桃色の帯揚げ

 両親の寝室にあるタンスを意味もなく開け閉めするのが好きだった。
閉めると上か下か忘れたが、違うのが開き、 それを閉めるとまた他のが開く。
そんな単純なことが無性におかしく、 いつまでも開いては閉じ、開けては閉めていた。
 その頃住んでいた仙台の家は一軒家で、お気に入りのタンスがある部屋からは
向かいの大きな梅の木がよく見えた。
窓の縁に腰をおろし、木に止まる虫や鳥を飽くでもなく、
ずっと眺めていたあの日は十歳にもならない頃だったか。

 いつもその部屋で、一人何をするわけでもなく
外ばっかりボーっと見ている子供が歯がゆかったのかもしれない。
母はよくいきなり飛び込んできては、空想にふけっている私に
「子供なら外で遊んでらっしゃい!」といって
腕を掴みおもてに連れ出すのだった。
子供なりにその時間を楽しんでいた私は、心外だった。
そして、唐突に鍵のある部屋に憧れた。


「そしたら、邪魔されず好きなだけその部屋にいられるのに」


 後先のことなど考えず、
またそんなことが出来るわけもないのに、
どうしたら「母が入って来れなくなるか」ということに専心してしまった。
「何か縄みたいなものでドアの取っ手を縛ろう」
私はすぐに、遊び相手であるタンスの中に、長いものが入っているのを思い出した。
 桃色の綺麗な母の帯揚げがあったのだ。 私はそれを意気揚々と固く取っ手に縛りつけ、
片方をタンスの一番下の取っ手に結び、まるで完全な密室を作り上げたかのような
達成感にひたりながら、何をするでもなく過ごしていた。


突然、聞いたこともないような大きな音がした。


 驚いてドアを見ると、僅かな隙間から母の顔が見える。
今まで見たこともないような、恐ろしい顔。
「なにやってるの! 開けなさい!」
 腰の力が抜けた。

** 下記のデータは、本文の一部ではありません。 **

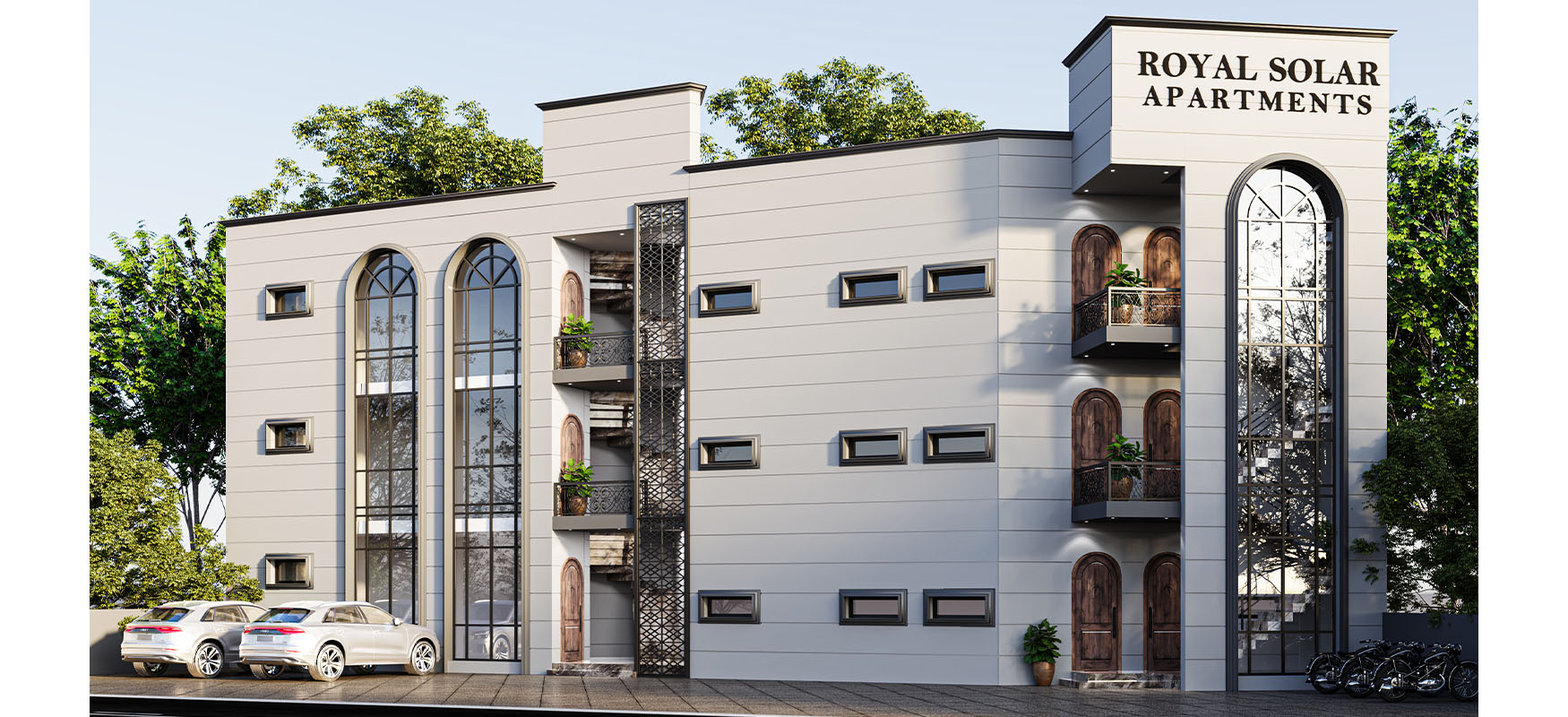Residential - HA Design Studio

動けなかった。 ますます母の声は荒々しくなっていく。
「いい加減にしなさい! 怒るわよ!」
 もう充分怒っているじゃないのとへらず口を叩ける年ではなかった。
力まかせにドアを引く力がタンスに響く。
遊び相手のタンスが急に怪物のように見えた。
まさか、母の力でタンスが動こうはずもないのだが、
そのときは本当にタンスが揺れている様に見えた。タンスが怒り狂っているお化けのようだった。
なすすべもなく私は泣きじゃくるばかりで、それがまた母の怒りに火を注いでいた。


 涙をこらえ一生懸命帯揚げの結び目を解こうとしたが、
開けようとした力でますます固く縛られ、 子供の手に負えるものではなかった。
母は諦めたのか挟い隙間から鋏を差し出し、切るように指示をする。
絹の糸はさすがに丈夫で、三度、四度力を込めて切らねば
二つに別れてくれなかった。そして、ドアは開いた。
「もうおしまいだ」
 私は絶望にくれてビンタされるんだと思いながらうつむいていた。
「往復は確実だ」 そう思うと涙が幾度となく頬をつたった。
 しかし、母の平手はいつまでも飛んでこなかった。 恐る恐る見れば、 母は床に落ちた帯揚げを持ってしゃがんでいる。
見たことのない母の表情がそこにあった。 しばらくすると、
「――もう、こんなことするんじゃないのよ」
 そうとだけ、母は言って去った。
 泣いていたときよりも、悲しい気持ちになった。そんな感情があるのだと知ったのは、
このときが初めてだったかもしれない。 思えばその帯揚げを母が締めていた姿を見たことがない。
桃色のそれは、当時の母の年でも派手なものだったのだ。
 いつ、母はその帯揚げを締めたのだろう。 嫁入り道具だったのだろうか。
結婚式で締めたものだったのだろうか。


 今でもふと、着物など見ると思い出すことがある。 ちぎれた帯揚げを見つめながら、
大事そうに 絞りの部分に手をかけていた母の姿が。